Das aktuelle Forward-KGV von etwa 71x lässt keinen Puffer für schwache Quartalszahlen oder eine gedämpfte Guidance. Analysten haben zuletzt ein Street-High-Kursziel von 420 USD ausgegeben — ambitioniert, wenn man bedenkt, dass die Aktie in den vergangenen zwölf Monaten bereits rund 41 Prozent zugelegt hat. Solche Ziele funktionieren als Anker für bullische Positionierungen, können aber auch Enttäuschungspotenzial aufbauen, wenn die Quartalszahlen in 38 Tagen nicht liefern.
Das Minus von 3,82 Prozent am heutigen Handelstag ist ohne spezifischen Newsflow schwer zu erklären. Wahrscheinlicher ist eine Kombination aus Gewinnmitnahmen nach der starken Jahresperformance und einer allgemeinen Neubewertung hochbewerteter Technologietitel in einem Umfeld, in dem Zinssenkungserwartungen volatil bleiben. Palo Alto ist dabei kein Einzelfall — der gesamte Cybersecurity-Sektor wird derzeit kritischer beäugt, nachdem die KI-Euphorie der ersten Jahreshälfte etwas abgekühlt ist.

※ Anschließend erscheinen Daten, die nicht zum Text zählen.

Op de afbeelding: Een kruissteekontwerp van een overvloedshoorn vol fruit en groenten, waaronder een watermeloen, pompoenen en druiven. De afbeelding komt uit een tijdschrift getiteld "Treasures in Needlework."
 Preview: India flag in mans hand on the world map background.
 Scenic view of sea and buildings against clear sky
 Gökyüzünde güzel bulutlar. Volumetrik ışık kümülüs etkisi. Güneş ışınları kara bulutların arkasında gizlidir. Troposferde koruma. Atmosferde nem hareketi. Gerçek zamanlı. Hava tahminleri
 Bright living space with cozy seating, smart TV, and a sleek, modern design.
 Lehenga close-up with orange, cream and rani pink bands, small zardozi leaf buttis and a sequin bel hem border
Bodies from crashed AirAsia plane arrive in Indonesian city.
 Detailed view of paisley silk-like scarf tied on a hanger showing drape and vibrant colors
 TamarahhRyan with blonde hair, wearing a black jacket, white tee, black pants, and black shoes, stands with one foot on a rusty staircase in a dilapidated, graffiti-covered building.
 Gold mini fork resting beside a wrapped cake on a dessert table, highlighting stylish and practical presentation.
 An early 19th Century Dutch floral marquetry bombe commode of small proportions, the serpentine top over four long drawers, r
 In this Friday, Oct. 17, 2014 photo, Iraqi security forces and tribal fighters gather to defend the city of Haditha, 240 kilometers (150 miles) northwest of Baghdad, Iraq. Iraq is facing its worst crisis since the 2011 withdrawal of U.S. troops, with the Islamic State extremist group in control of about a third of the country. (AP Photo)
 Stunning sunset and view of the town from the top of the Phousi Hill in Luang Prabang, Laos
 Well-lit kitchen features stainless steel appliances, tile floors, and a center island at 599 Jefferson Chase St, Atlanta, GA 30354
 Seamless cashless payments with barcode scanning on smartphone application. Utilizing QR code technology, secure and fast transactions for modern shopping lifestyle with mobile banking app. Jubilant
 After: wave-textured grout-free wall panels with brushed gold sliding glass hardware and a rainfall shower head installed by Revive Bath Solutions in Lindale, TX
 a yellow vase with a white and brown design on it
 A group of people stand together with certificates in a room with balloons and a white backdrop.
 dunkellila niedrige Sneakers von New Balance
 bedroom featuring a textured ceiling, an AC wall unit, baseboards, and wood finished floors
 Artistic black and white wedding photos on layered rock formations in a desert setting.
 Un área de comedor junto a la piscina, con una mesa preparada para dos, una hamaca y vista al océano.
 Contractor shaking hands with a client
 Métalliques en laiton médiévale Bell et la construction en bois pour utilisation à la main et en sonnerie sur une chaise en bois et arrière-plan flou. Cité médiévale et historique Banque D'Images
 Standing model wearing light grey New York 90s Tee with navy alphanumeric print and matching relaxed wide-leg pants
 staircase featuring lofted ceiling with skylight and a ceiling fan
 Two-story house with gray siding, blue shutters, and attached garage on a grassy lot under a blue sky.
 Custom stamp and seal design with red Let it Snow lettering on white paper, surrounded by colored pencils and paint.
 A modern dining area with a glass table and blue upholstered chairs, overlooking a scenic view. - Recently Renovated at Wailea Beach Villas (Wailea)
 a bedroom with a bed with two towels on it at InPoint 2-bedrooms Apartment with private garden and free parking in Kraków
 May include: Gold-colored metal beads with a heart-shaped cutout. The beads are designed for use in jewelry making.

Strukturell bleibt die Plattformstrategie des Unternehmens interessant: Die Konsolidierung von Sicherheitsfunktionen unter einem Dach ist ein valides Verkaufsargument gegenüber fragmentierten Einzellösungen. Ob das aber eine Bewertung von 71x Forward-Earnings rechtfertigt, ist eine andere Frage. Der Earnings-Termin in rund fünf Wochen wird zeigen, ob das Wachstum mit den Erwartungen Schritt hält — oder ob der Markt dann nachkorrigiert.